A quantum limit comes about from the interaction between light and a test mass, and breaking this limit, just like breaking the sound barrier, once seemed impossible.
The scientists surpassed the limit in their quest to build better gravitational wave detectors using squeezed light technology on 40kg test masses in LIGO detectors.
The technology was pioneered by the Australian National University and refined at Massachusetts Institute of Technology, which led to the development of the squeezed light apparatus at the LIGO and the groundbreaking result.
Gravitational wave detectors are the most precise measurement devices ever built, and the result shows they are now poised to see and exploit the effects of quantum physics, which governs the smallest objects in the universe, on human-sized objects like their 40kg test masses.
UWA physicist Dr Carl Blair, who was part of the team to make the discovery said discovering how to break quantum limits was significant for physics and science.

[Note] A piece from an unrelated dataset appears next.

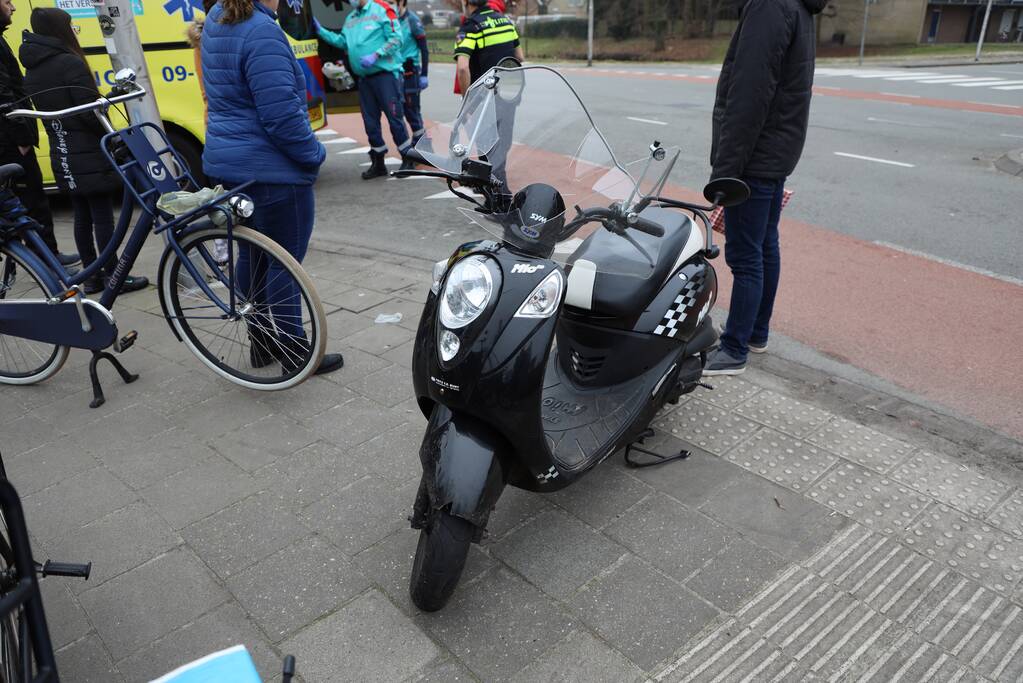 Scooterrijdster gewond na uitwijkmanoeuvre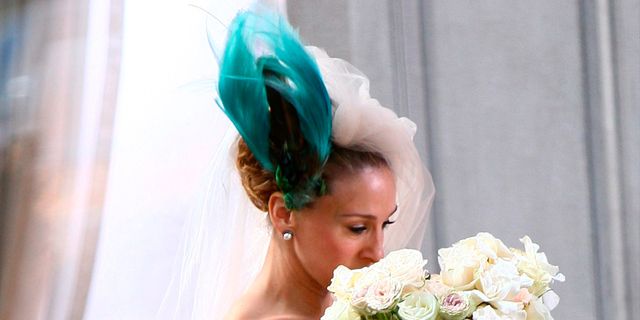 Petal, Bouquet, Photograph, Dress, Flower, Hair accessory, Headpiece, Beauty, Bridal clothing, Headgear,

“It’s amazing to think that sitting in the control room at LIGO, by manipulating some controls on a computer you can manipulate the quantum noise of a 40 kg mirror,” he said.
“We were able to break the limit doing something very mysterious – squeezing the quantum vacuum,” he said.
“Now that it has been proven possible, this new technology can be used to build more sensitive machines to explore the Universe.
“In breaking this limit, we are now entering a world where quantum limits on measurements can be routinely surpassed.”
Scientist Dr Xu Chen, also from UWA, said OzGrav and their collaborators were able to smash through the quantum noise barrier of gravitational-wave detectors. “At UWA, we aim to improve the sensitivity further with a white-light cavity.
This works best at higher frequencies where we can see more binary neutron stars colliding,” she said.